Data segment

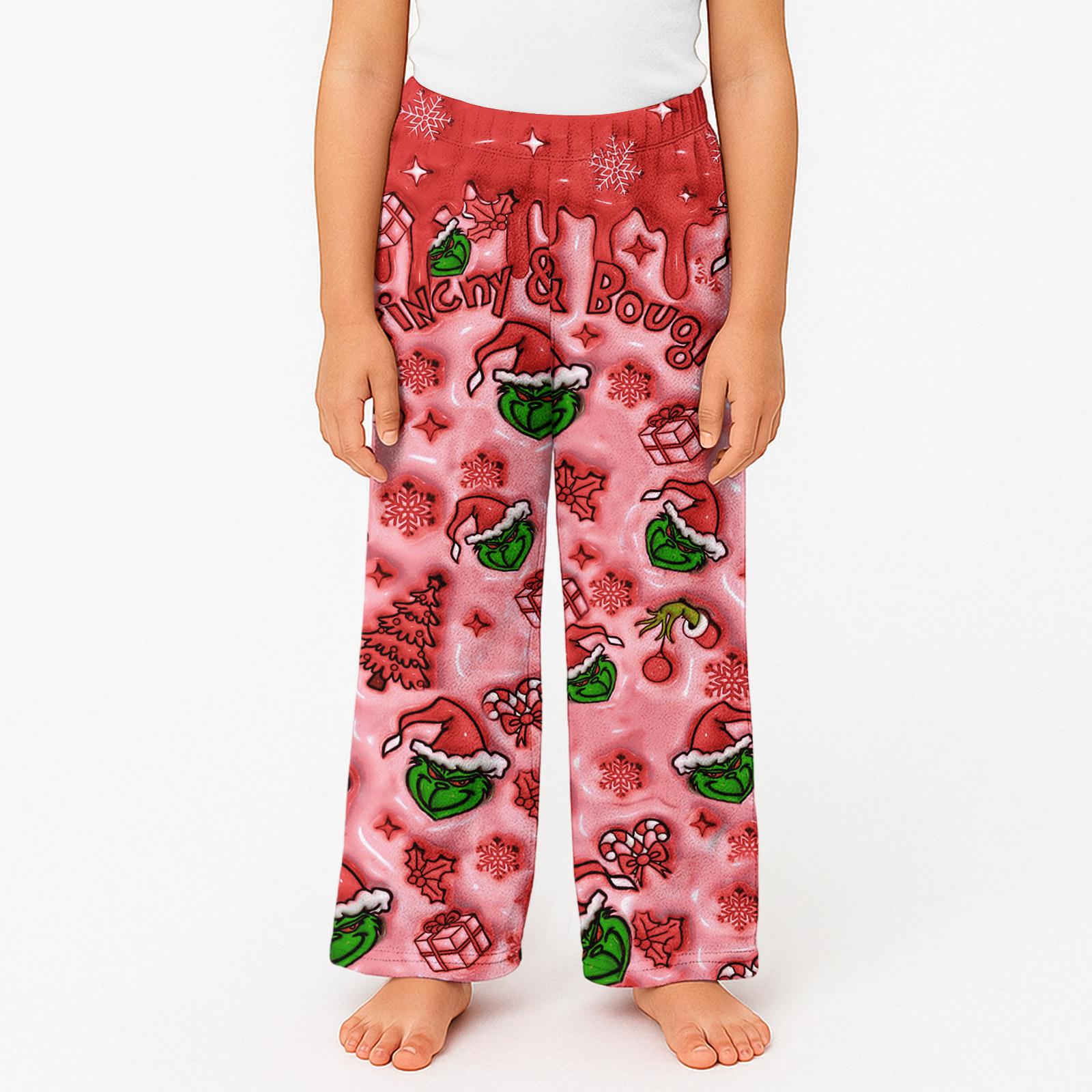 

Детские зимние брюки Длинные брюки с принтом 150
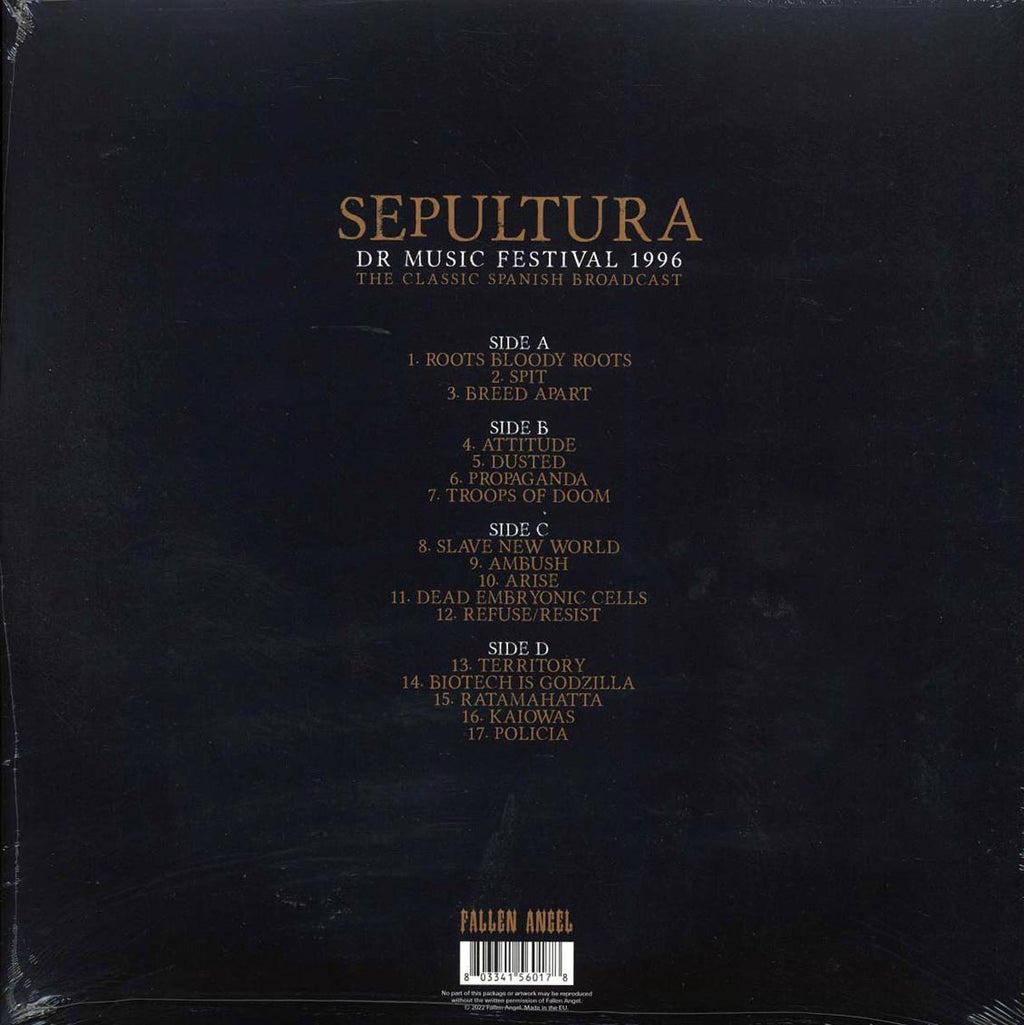 Sepultura - Dr. Music Festival 1996 (ltd. ed.) (2xLP) (clear/black splatter vinyl) vinyl LP back cover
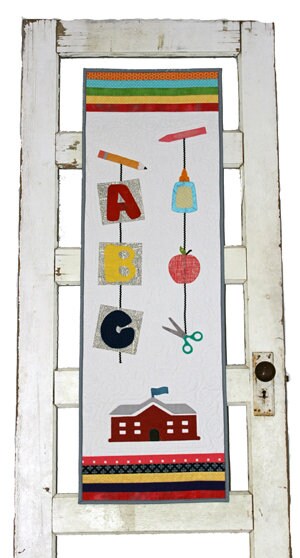 ABC door/wall hanging by Heather Kidd Stringtown Lane Quilts Pattern - PAPER PATTERN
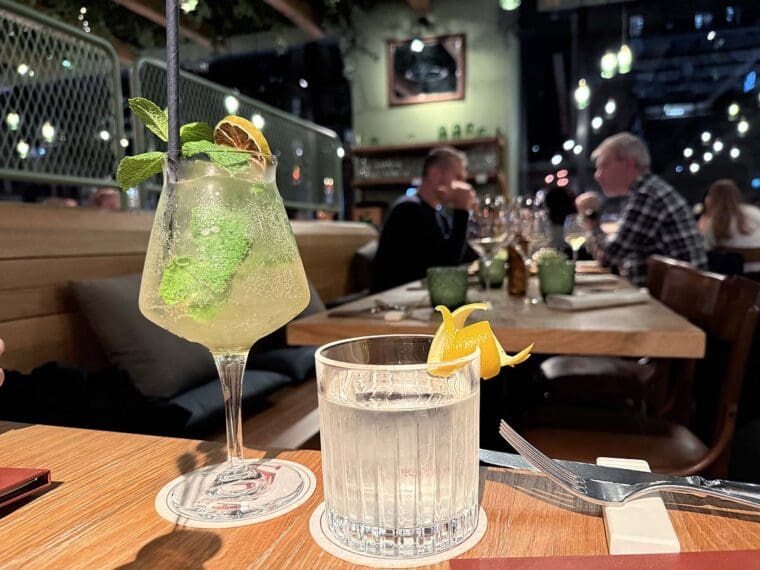 Cocktails at Terra Restaurant, Eataly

Work instructions
Hand back every line of the material, exactly, without the pictures.

Result of this exercise
Детские зимние брюки Длинные брюки с принтом 150
 Sepultura - Dr. Music Festival 1996 (ltd. ed.) (2xLP) (clear/black splatter vinyl) vinyl LP back cover
 ABC door/wall hanging by Heather Kidd Stringtown Lane Quilts Pattern - PAPER PATTERN
 Cocktails at Terra Restaurant, Eataly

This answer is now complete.